Greek political leaders on Wednesday night were unable to come to agreement on a European Union demand for 300 million euros worth of pension cuts. The snag could jeopardize an EU aid package worth 130 billion euros — and Greece’s ongoing membership in the euro zone. Elsewhere, though, progress appears to have been made.
At stake is a €130 billion ($170 billion) bailout package, Greece’s future in the euro zone and the potential damage that a disorderly national insolvency could do to European banks and the global economy. A mere €300 million in budget cuts seems but a trifle in comparison.
That, though, is the amount by which Greek political party leaders have come up short in their weeks of talks aimed at fulfilling European Union demands that they push through additional savings worth €3.3 billion as a condition for the vast bailout. On Thursday, Finance Minister Evangelos Venizelos is off to Brussels for meetings to finalize the aid money. But the failure to agree on all the belt tightening measures sought by the EU has now put the bailout in doubt.
Venizelos implored the party leaders to reach a quick agreement, saying that the country’s “survival over the coming years” depends on EU help. “It will determine whether the country remains in the euro zone or whether its place in Europe will be endangered,” he said, according to the Associated Press. “There is not room for any other expediency. We must look Greeks in the eye, look at the national interest and the interest of our children.”

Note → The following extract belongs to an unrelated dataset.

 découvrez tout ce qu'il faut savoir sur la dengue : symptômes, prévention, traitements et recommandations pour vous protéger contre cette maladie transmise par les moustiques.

The unsuccessful conclusion of the austerity talks on early Thursday morning comes despite increasing pressure from the so-called troika of Greek creditors — made up of the European Commission, the European Central Bank and the International Monetary Fund — and widespread exasperation in European capitals.
At a Monday press conference in Paris, German Chancellor Angela Merkel said “there can be no deal if the troika proposals are not implemented. Time is of the essence. Something needs to happen quickly.” She was seconded by French President Nicolas Sarkozy, who said “our Greek friends must fulfil their responsibilities. They have no choice.”
On Tuesday, European Commissioner Neelie Kroes said that the euro zone could survive Greece’s departure from the euro zone (an eventuality that has now been dubbed the “Grexit” by Citygroup economists Willem Buiter and Ebrahim Rahbari). “When one member leaves, it doesn’t mean ‘man overboard,'” she told a Dutch newspaper.
Greece is facing insolvency if the aid deal with the EU isn’t finalized soon. The country must make a €14.5 billion bond payment on March 20 and the first, €110 billion EU bailout package, passed in early 2010, has run out. EU leaders agreed in principle to the second, €130 billion aid package late last year, but linked its final passage to several austerity conditions, including an agreement with the private sector on debt relief worth €100 billion.
Greek leaders, however, are under domestic pressure as well, particularly with general elections likely to be held this spring. Already, the country has pushed through several biting austerity packages, and the most recent has involved 15,000 public sector firings, a 22 percent cut in the minimum wage, further tax hikes and the elimination of several provisions strengthening job security in an effort to make the labor market more competitive.
But when it came to a proposed €300 million cut in pension payments, political leaders balked. “The pensions in question are for people of low income, so the issue is important,” said Evangelos Antonaros, a conservative parliamentarian, on Greek radio. A Greek parliamentarian said that Athens had been given 15 days to find other ways to save the €300 million, but a source told the Associated Press that there had been no deadline extension.
Despite the refusal to slash pensions, Greeks are growing increasingly disgusted with the severity of the austerity measures that have been forced upon them. Fully 91 percent of respondents believe that the current government, led by Prime Minister Lucas Papademos, is taking the country in the wrong direction. The same poll, published on Wednesday in major Greek daily Kathimerini, found that support for the Socialists, which won a landslide victory in 2009 under the leadership of recently ousted Prime Minister Giorgios Papandreou, has plunged to just 8 percent.
In addition, Greek labor unions on Thursday called a two-day general strike to start on Friday in response to the new austerity measures agreed to on Wednesday night.
Yet even as Greece has hit a snag in its negotiations with the troika, its talks with private sector creditors on a debt haircut of 50 percent appear to be making progress. The debt relief will take the form of a cash payment and a bond swap, whereby private sector creditors will take a 50 percent hit on their original bond investment and will be given new Greek bonds with a longer maturity. The interest rate on those new bonds had been a substantial sticking point, but Greek state television reported on Wednesday that it would be around 3.5 percent.
The deal means that private creditors will ultimately have to forego some 70 percent of their claims. But even that, says rating agency Standard & Poor’s, wouldn’t be enough for Greece to achieve manageable debt levels. The agency, along with many others, believe that the European Central Bank will also have to renounce profits on its substantial holdings of Greek sovereign bonds, a move that could generate up to €12 billion in savings for Athens.